*** Block opens ***
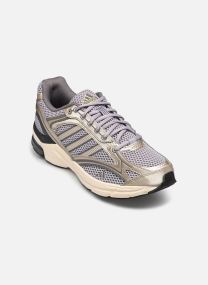 Baskets basses SPIRITAIN 2000 gris adidas sportswear Baskets basses SPIRITAIN 2000 gris GLORY GREY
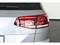 Volkswagen Passat 2,0 TDi 110kW Business Zruka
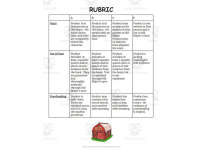 Product image #1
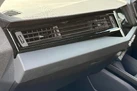 2019-audi-a1-10-30-tfsi-technik-small-29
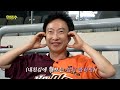 Today's winning team gets me! My first live baseball game [Kiwoom vs Hanwha] | Halmyungsoo ep.193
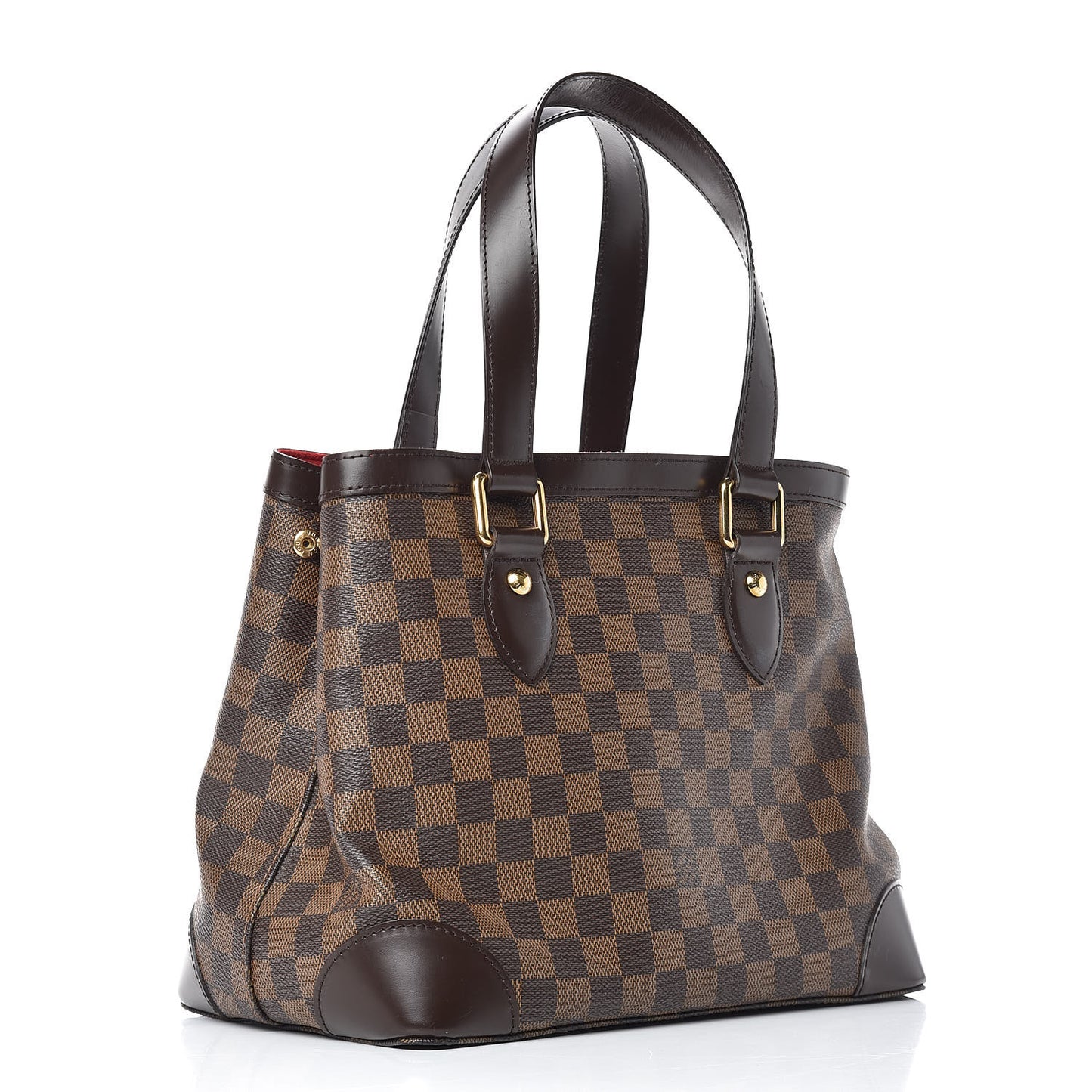 Damier Ebene Hampstead PM
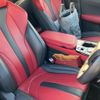 lexus nx 2022 CFJ1516352 image 21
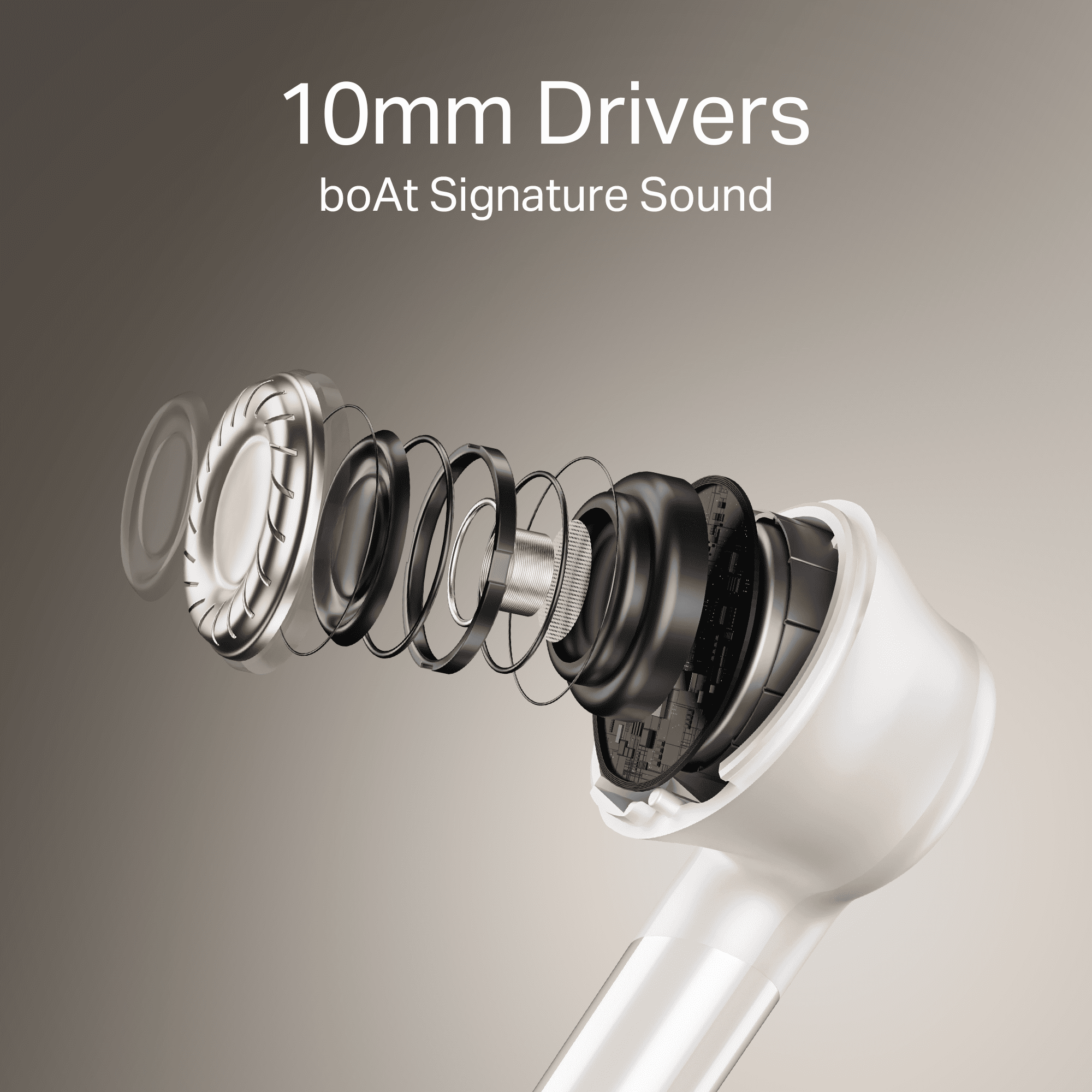 Artboard_1_e6961d97-ea2d-4946-a83e-18fe057beae2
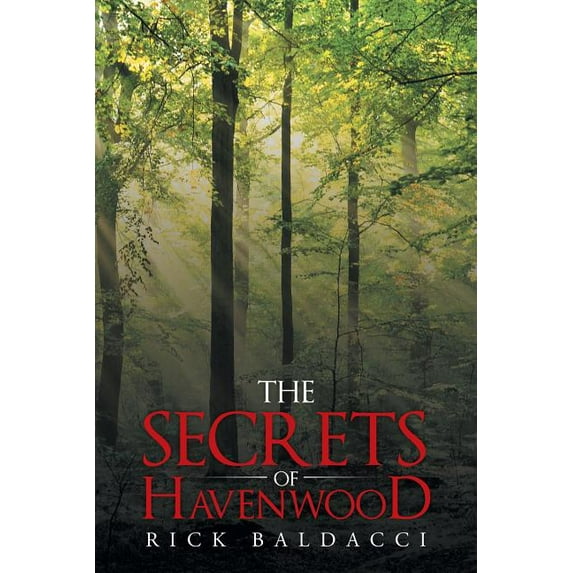 The Secrets of Havenwood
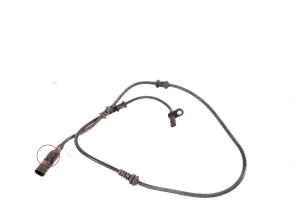   Front ABS sensor  - A2465402510 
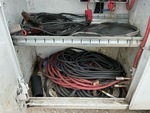 Configuration with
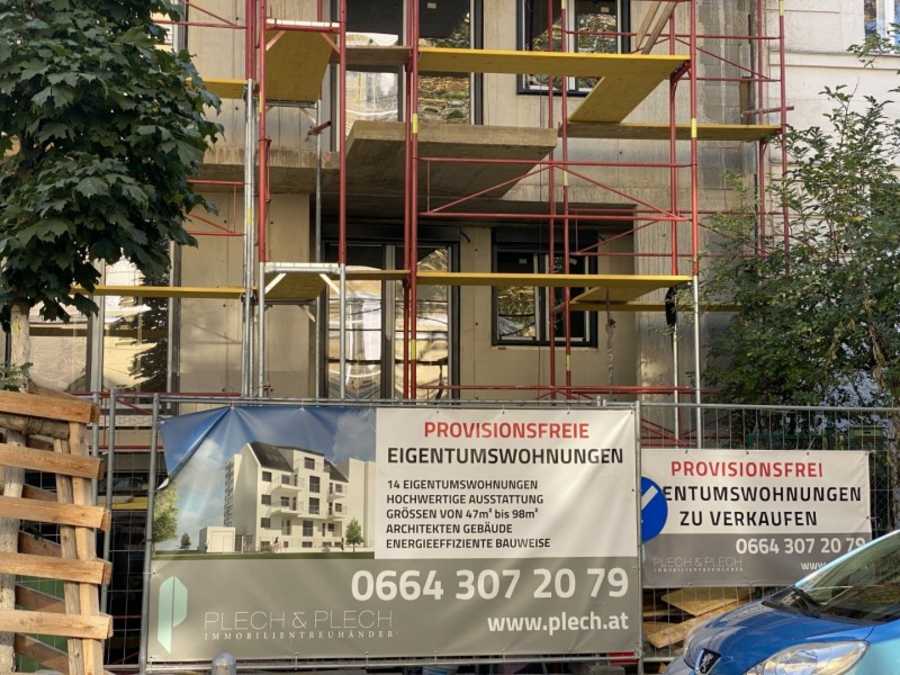 Büro in 1130 Wien Immobilie: Büro in 1130 Wien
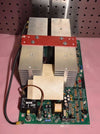 EMERSON POWER SUPPLY, BOARD, CARD, 9-07741-02, 90774102, 264-37014-6200SOLA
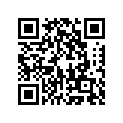 92057-1316 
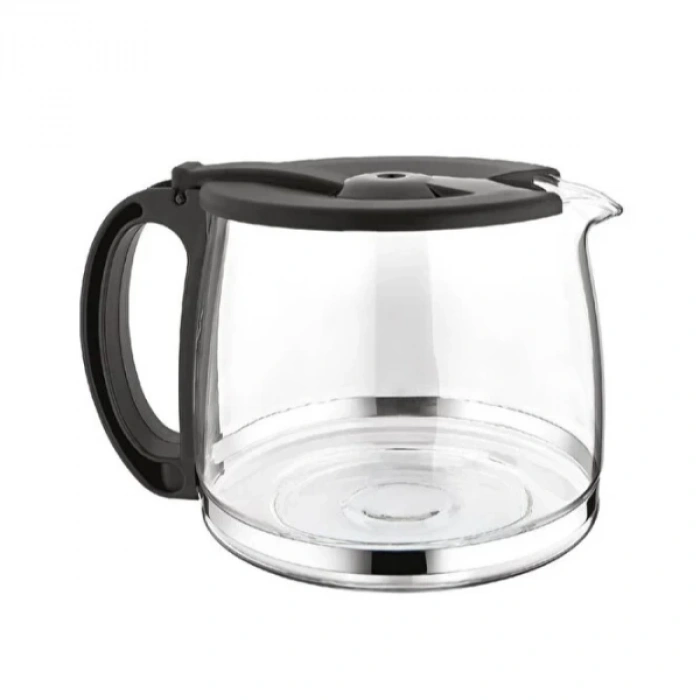 Sinbo 2si 1 Arada Filtre Kahve Ve Çay Demleme Makinesi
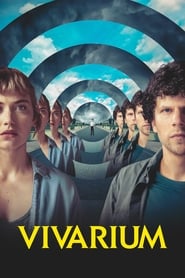 Vivarium (2019) subtitles - SUBDL poster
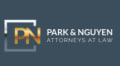 Park & Nguyen Attorneys At Law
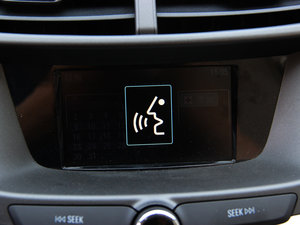 2015ِW3 1.5L AMTҸ 촰 п؅^(q)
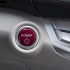 2014 Accord PHEV-30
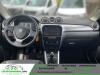 Suzuki Vitara 1.6 VVT 120ch BVM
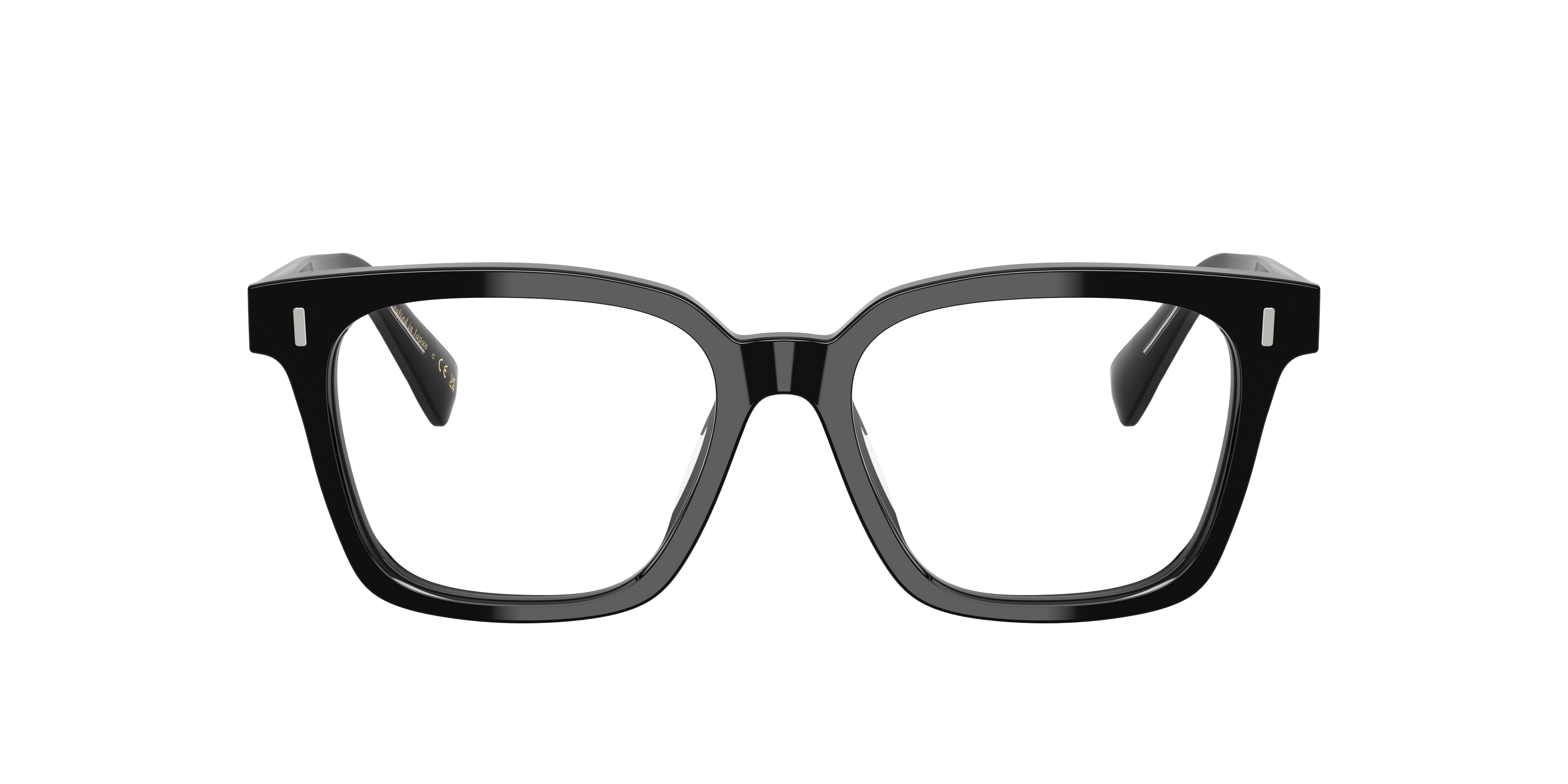 Oliver Peoples OV5568U AIONA 1731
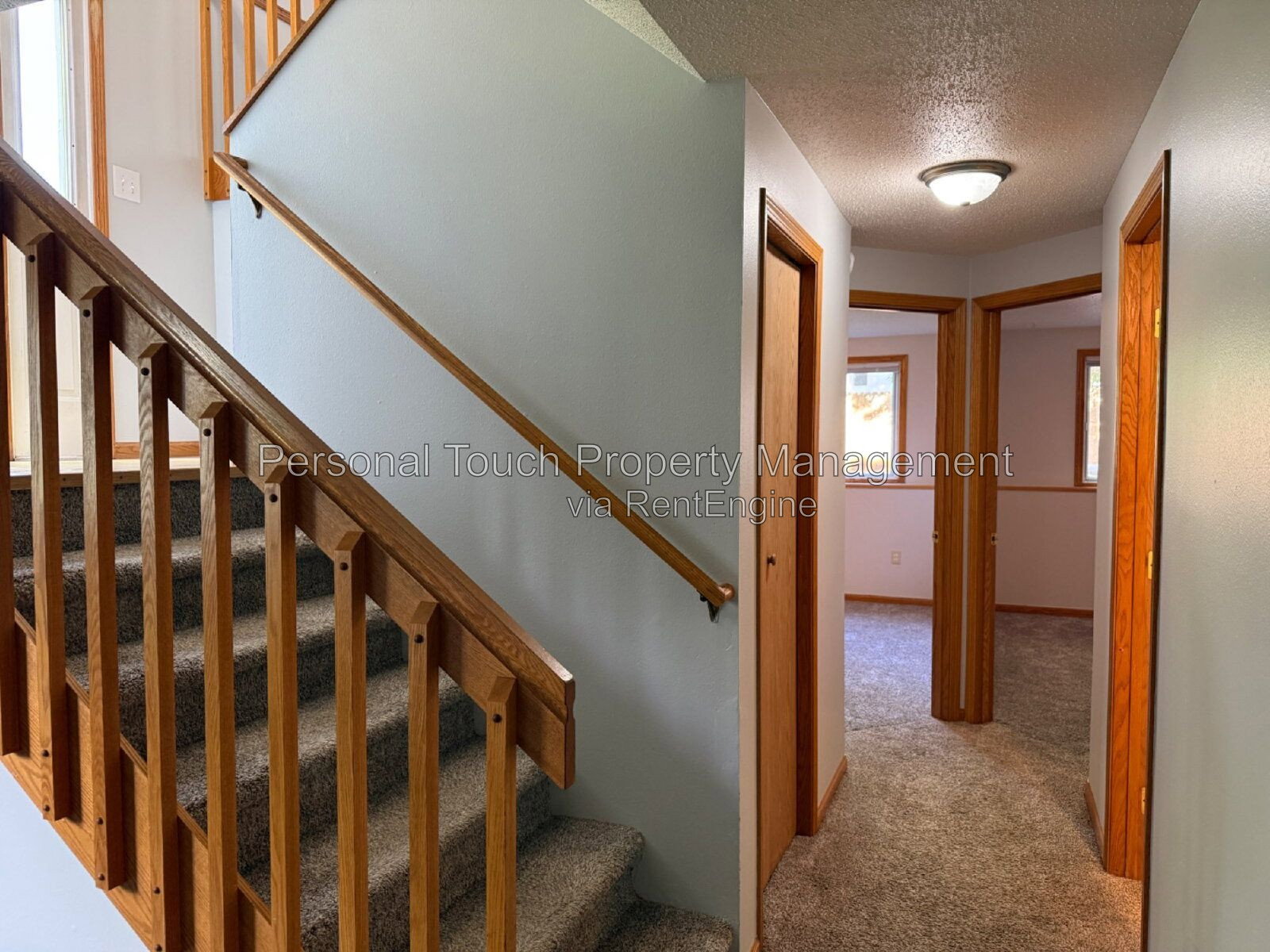 Gallery Image 25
*** Block closes ***
What the task asks: Hand back exactly the lines from the one with "Park & Nguyen Attorneys At Law" through the last line of the data above, both ends included, with every picture left out.

Task output:
 Park & Nguyen Attorneys At Law
 2015ِW3 1.5L AMTҸ 촰 п؅^(q)
 2014 Accord PHEV-30
 Suzuki Vitara 1.6 VVT 120ch BVM
 Oliver Peoples OV5568U AIONA 1731
 Gallery Image 25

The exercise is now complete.